Complicating matters for us was the fact that the monthly payrolls report was due out that morning at 8:30 a.m., a full half hour before trading opened. We consider the market to be oversold in the very short-term as we’ve seen a couple of weeks of relentless selling. On Friday morning we were thinking was that any decent payrolls report could ignite a sharp early morning rally – the absolute opposite of what we were hoping for. Further complicating matters was that Friday was the last trading day prior to the July Fourth holiday weekend, and traders would be jumpy about short positions they held through the weekend if the payroll news was good, or simply better than expected. If the number beat the “whisper number,” the unofficial expected payroll number, then we could be under water. The payrolls report was announced at 8:30 a.m., and the report was rather benign. The offers to buy and sell began to pick up momentum and you could see the bid–ask spread begin to narrow as volume picked up. Tick…up…tick…up….tick…down….the numbers rolled up the screen at an increasing pace as we got nearer to the market open.

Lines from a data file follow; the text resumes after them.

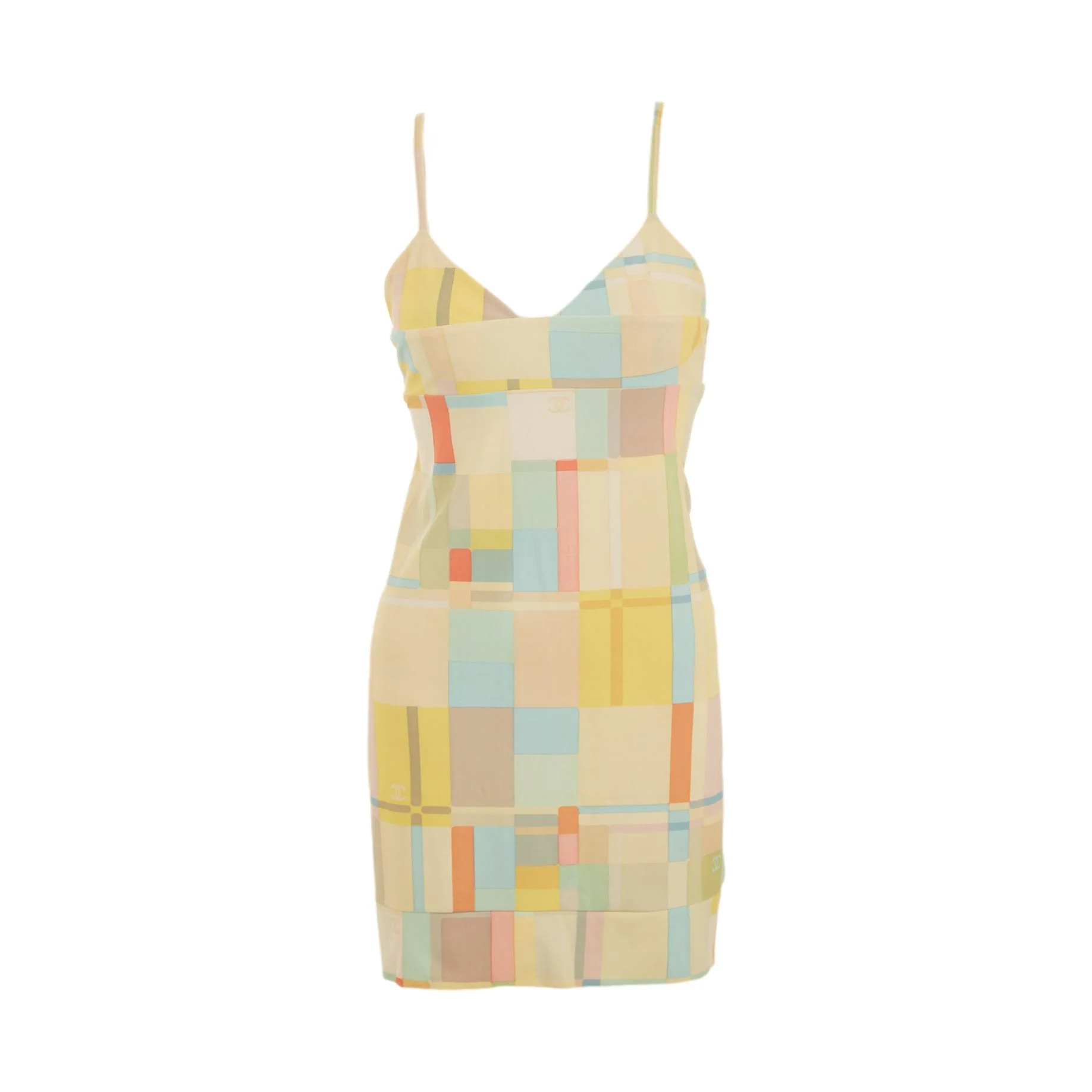 Chanel Pastel Print Dress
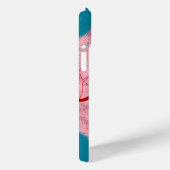 Pink Wreath Retro Weihnachten Case-Mate iPhone Hülle (Rückseite / Rechts)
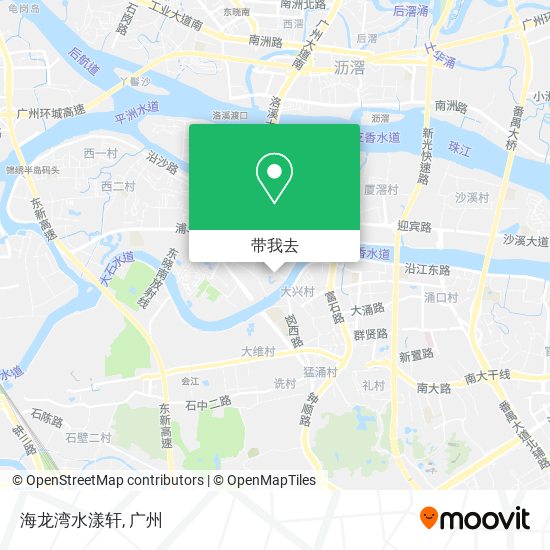 海龙湾水漾轩地图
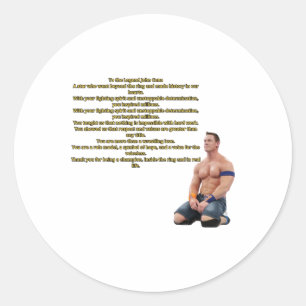 Jone Cena, je kunt me niet zien Stickers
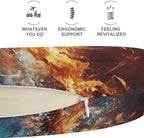 U Shape Travel Pillow Football in Fire and Water Portable Neck Pillows Memory Foam Head and Neck Support Headrest Pillow for Airplane Sleeping - Image 5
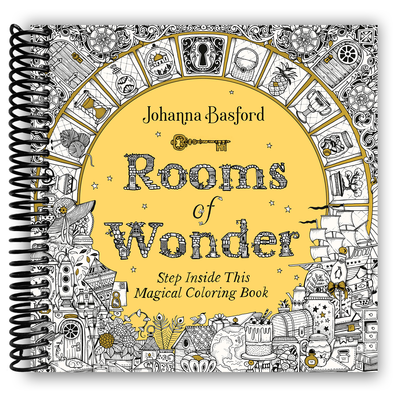 Rooms of Enchantment: Discover the Magic Within This Spiral Coloring Book - Korvel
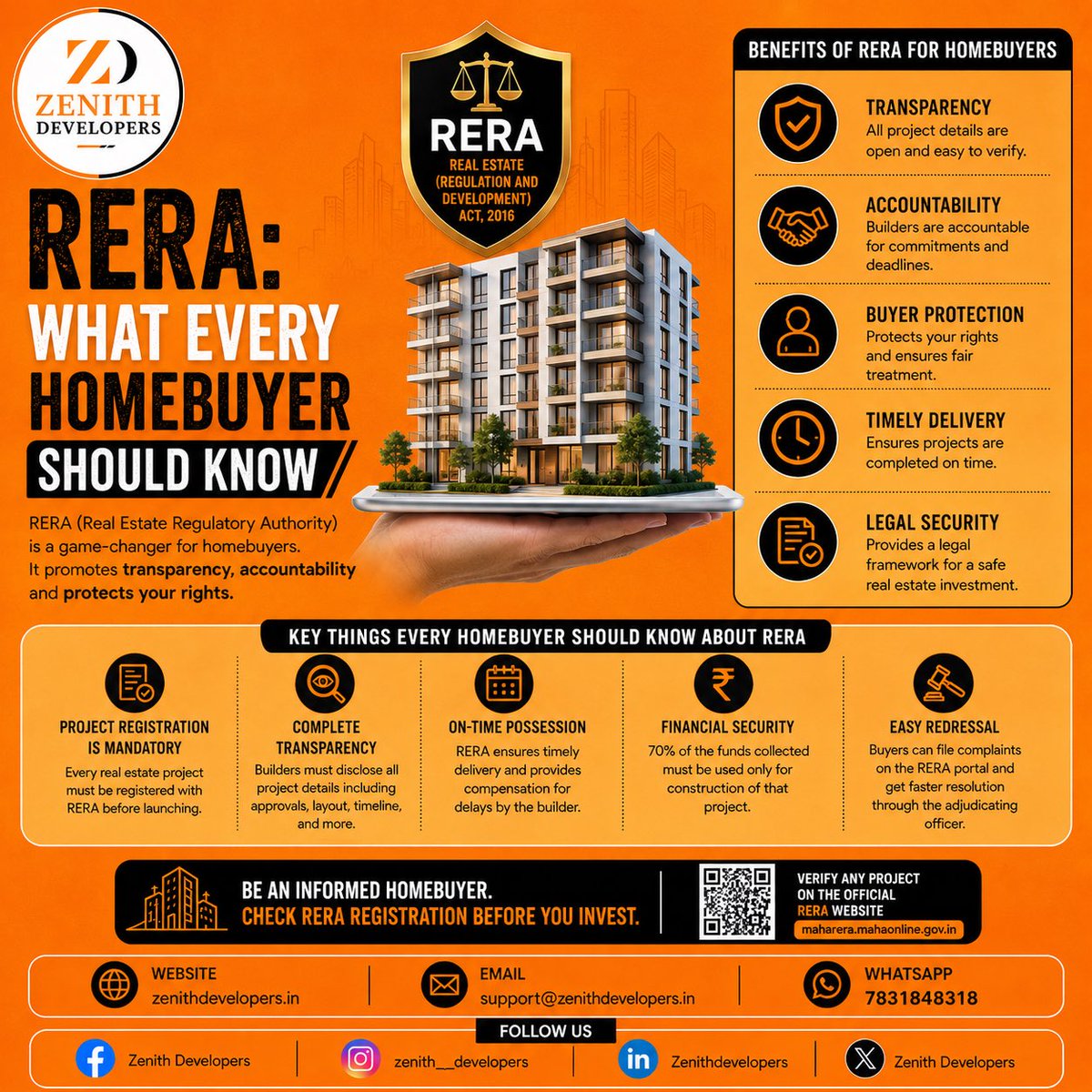 ZenitDevelopers's tweet photo. 🏠 Know RERA. Know Your Rights. Invest with Confidence.
Make informed decisions and verify project registration before investing. 🏗️🔍

#zenithdevelopers #rera #reraapproved #aligarh #amu https://t.co/CrMpyHg8Ni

I thought of my next door neighbor, Chris, who is an energy trader for Constellation Energy. Could this insane exercise be what he does for a living on a daily basis? Tick…tick….tick… The market drops down a few points and Carl, working with Scott on the Schwab trading desk, who is working with UBS, who actually makes a market in the ETFs, buys 150,000 shares. Now I’m thinking of Eddie Murphy’s famous scene in the movie Trading Places where he is trading commodities and explaining that investors were panicking because they needed to get home and buy their kids the GI Joe with the kung fu grip. (We decide to take another 150,000 shares.) It turns out the commodities traders in the movie were dealing with the Christmas holiday rather than July Fourth, but now I can feel their pain in a completely different way. Tick…tick…tick…. The market is open now and the spreads are collapsing. Millions of shares are being traded while I watch the screen. It’s 10:30 a.m. and we are out of the trade. To Sean Dillon and Tim Mascari, our portfolio traders at Pinnacle, I thank you for what you do for us every day. This is absolutely nuts!